» **WORK TO BE COMPLETED**: Output exactly the lines from the line that has "Phal. Younghome Taro Bobo" through the last line of the data below, with no pictures.

» **DATASET CONTENT**:
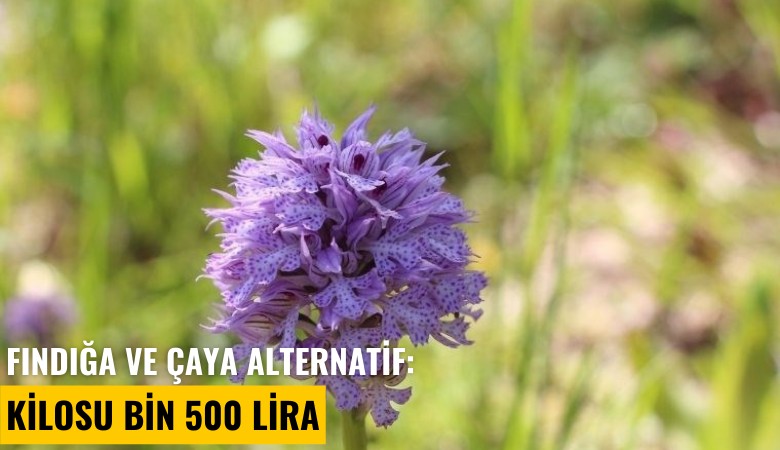 Fındığa ve çaya alternatif: Kilosu bin 500 lira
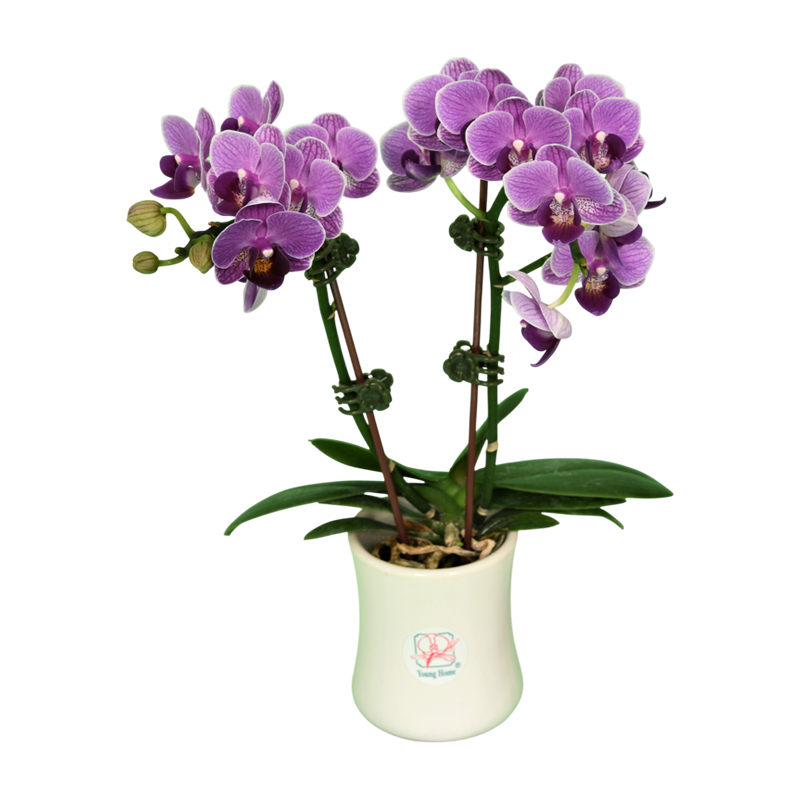 Phal. Younghome Taro Bobo
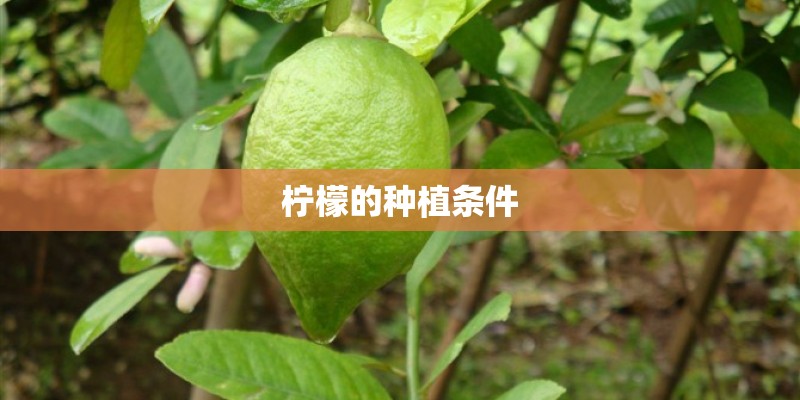 柠檬的种植条件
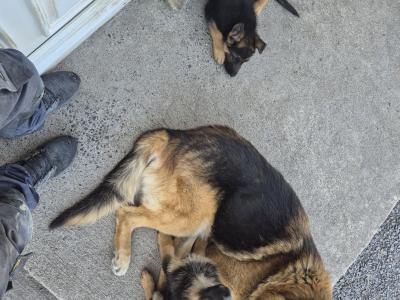 2 IKC Registered (pending) German Shepherd female puppies for sale in Offaly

» **EXERCISE SOLUTION**:
 Phal. Younghome Taro Bobo
 柠檬的种植条件
 2 IKC Registered (pending) German Shepherd female puppies for sale in Offaly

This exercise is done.